During query execution, Spark Structured Streaming continuously stores the query’s metadata and the processed data’s schema and state. If a failure occurs, the system can use the checkpointed state to recover the query and resume processing from where it left off, without reprocessing the data that was already processed. This ensures that the application processes each record exactly once, even in the presence of failures.

Checkpointing is especially important in long-running queries or queries that use stateful operations. Without checkpointing, a failure could result in the loss of the query’s state, forcing the system to restart the query from the beginning, which would lead to processing duplicate data and potentially corrupt the query’s results.

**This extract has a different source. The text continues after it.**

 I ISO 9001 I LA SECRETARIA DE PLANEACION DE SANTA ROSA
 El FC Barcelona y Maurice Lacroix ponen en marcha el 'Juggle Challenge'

Checkpoints directory contains 4 subdirectory.

  1. Metadata
  2. Sources
  3. offsets
  4. commits

Metadata:

Metadata holds the run id of spark application this id will not change , no matter how many times you restart your application this id will se same.
i.e. {“id”:”778eb7c2-c427–4395-bf99–15b1a43d1b70"}

Source :

Source folder contains the Initial Kafka offset values of each partition. like if your Kafka has 3 partitions 1,2,3 and starting values for each partition is 0 then it will contain value like {applicationname {1:0,2:0,3:0} }

Offsets:

Offsets contains the end offset value details for each partitions in a batch.

commits :

A log that records the batch ids that have completed. This is used to check if a batch was fully processed, and its output was committed to the sink, hence no need to process it again.

Checkpoint Location/
└── commits/
└── metadata/
└── offsets/
└── sources/
Checkpoint Directory Structure

Each micro batch is similar as one transaction.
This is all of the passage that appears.